Arterial injury increases expression of inflammatory adhesion molecules in the carotid arteries of apolipoprotein-E-deficient mice.

Recent studies demonstrate increased cellular adhesion molecule expression by neointimal endothelium overlying primary and restenotic atherosclerotic plaque. In this study, we developed an atherosclerotic mouse model of arterial injury and characterized adhesion molecule expression after injury. Sixteen apolipoprotein-E-(ApoE)-deficient mice fed a Western-type diet for 4 weeks underwent carotid artery wire denudation at week 2. For each segment, the extent of neointima formation and medial thickening, or adhesion molecule expression, were scored separately on a scale from 0 (no plaque/thickening or expression) to 3 (extensive plaque/thickening or expression) using Movat staining (n = 3) or immunohistochemical analysis (n = 13). Histology revealed significant medial thickening (1.8 +/- 0.9 vs. 0.3 +/- 0.5, p < 0. 001) versus controls and pronounced staining for monocytes/macrophages in the wall of injured vessels. Immunohistochemical analysis showed more robust expression of intercellular adhesion molecule-1 (ICAM-1) and vascular cell adhesion molecule-1 (VCAM-1) on the luminal surface of injured arteries versus controls (2.2 +/- 0.6 vs. 1.4 +/- 0.7, p < 0.01, and 2.5 +/- 0.5 vs. 1.2 +/- 0.6, p < 0.001, respectively). Injury increased adventitial ICAM-1 expression (2.6 +/- 0.5 vs. 1.6 +/- 0.5, p < 0.002) and medial VCAM-1 expression (2.2 +/- 0.6 vs. 1.2 +/- 0. 7, p < 0.004).

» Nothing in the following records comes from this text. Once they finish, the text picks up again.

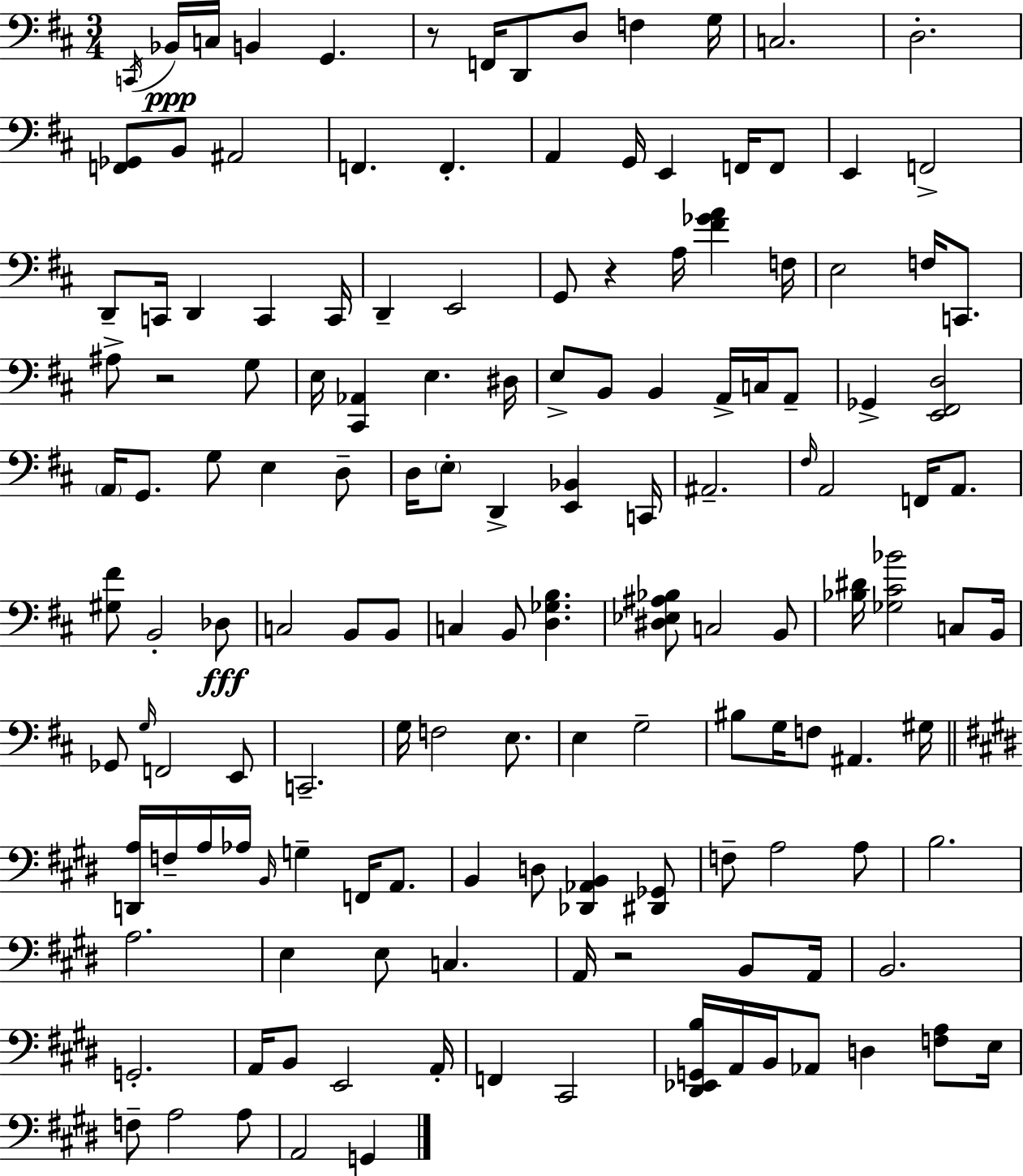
X:1
T:Untitled
M:3/4
L:1/4
K:D
C,,/4 _B,,/4 C,/4 B,, G,, z/2 F,,/4 D,,/2 D,/2 F, G,/4 C,2 D,2 [F,,_G,,]/2 B,,/2 ^A,,2 F,, F,, A,, G,,/4 E,, F,,/4 F,,/2 E,, F,,2 D,,/2 C,,/4 D,, C,, C,,/4 D,, E,,2 G,,/2 z A,/4 [^F_GA] F,/4 E,2 F,/4 C,,/2 ^A,/2 z2 G,/2 E,/4 [^C,,_A,,] E, ^D,/4 E,/2 B,,/2 B,, A,,/4 C,/4 A,,/2 _G,, [E,,^F,,D,]2 A,,/4 G,,/2 G,/2 E, D,/2 D,/4 E,/2 D,, [E,,_B,,] C,,/4 ^A,,2 ^F,/4 A,,2 F,,/4 A,,/2 [^G,^F]/2 B,,2 _D,/2 C,2 B,,/2 B,,/2 C, B,,/2 [D,_G,B,] [^D,_E,^A,_B,]/2 C,2 B,,/2 [_B,^D]/4 [_G,^C_B]2 C,/2 B,,/4 _G,,/2 G,/4 F,,2 E,,/2 C,,2 G,/4 F,2 E,/2 E, G,2 ^B,/2 G,/4 F,/2 ^A,, ^G,/4 [D,,A,]/4 F,/4 A,/4 _A,/4 B,,/4 G, F,,/4 A,,/2 B,, D,/2 [_D,,_A,,B,,] [^D,,_G,,]/2 F,/2 A,2 A,/2 B,2 A,2 E, E,/2 C, A,,/4 z2 B,,/2 A,,/4 B,,2 G,,2 A,,/4 B,,/2 E,,2 A,,/4 F,, ^C,,2 [^D,,_E,,G,,B,]/4 A,,/4 B,,/4 _A,,/2 D, [F,A,]/2 E,/4 F,/2 A,2 A,/2 A,,2 G,,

Thus, carotid injury results in significant medial thickening and increases adhesion molecule expression beyond that induced in ApoE-deficient mice fed a Western diet alone. The observation of macrophage infiltration into the media at sites of increased ICAM-1 and VCAM-1 expression suggests that these molecules may mediate monocyte/macrophage trafficking into the wall of injured arteries.